Fait rare en régime parlementaire, la présentation du Parlement par le texte constitutionnel (Titre IV de la Constitution) intervient après celle de l'exécutif.

On note une nette rationalisation du fonctionnement du régime parlementaire, qui repose sur un encadrement plus strict des prérogatives du Parlement. Pour Michel Debré, il s’agissait d’instaurer enfin un « vrai » régime parlementaire en France, les Troisième et Quatrième Républiques ne méritant pas, à ses yeux, cette qualification (cf. l’omnipotence parlementaire, notamment sous la Quatrième République).

Selon l’art. 24 al. 2 de la Constitution, le Parlement « comprend l'Assemblée nationale et le Sénat » : la Cinquième République est donc fidèle au bicamérisme.
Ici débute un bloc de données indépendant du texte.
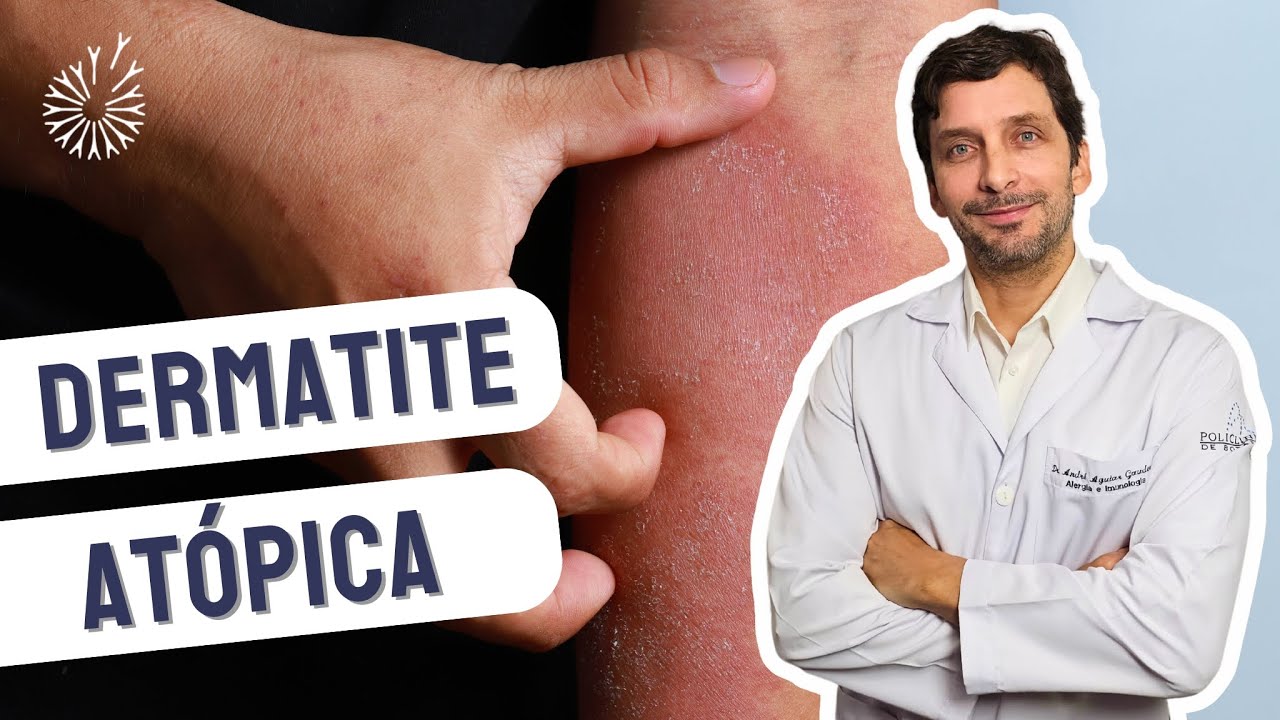 DERMATITE ATÓPICA . Médico orienta diagnóstico e tratamento. #dermatiteatopica #dermatite #coceira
La Constitution renvoie très largement à des lois organiques pour définir le mode de désignation des deux chambres, la durée des mandats parlementaires et les règles statutaires applicables aux députés et sénateurs (art. 25). Elle fixe toutefois certains principes-cadres, not. en matière de protection des parlementaires dans l'exercice de leurs fonctions et d'organisation du travail des assemblées. Mais de manière générale, le principe de séparation des pouvoirs explique les particularismes du statut des parlementaires et la relative liberté d'organisation interne du Parlement.

  1. Un bicamérisme inégalitaire

Sans doute parce que le bicamérisme avait montré certains mérites sous les deux Républiques précédentes, les constituants de 1958 ne retiennent pas le principe d'une assemblée unique. Ils instaurent donc deux assemblées nettement différenciées, tant au niveau du mode de désignation de leurs membres que de leur rôle dans les institutions. D'un point de vue technique, on parle de bicamérisme inégalitaire, car l'une des deux assemblées détient, sauf exception, plus de pouvoirs que l'autre.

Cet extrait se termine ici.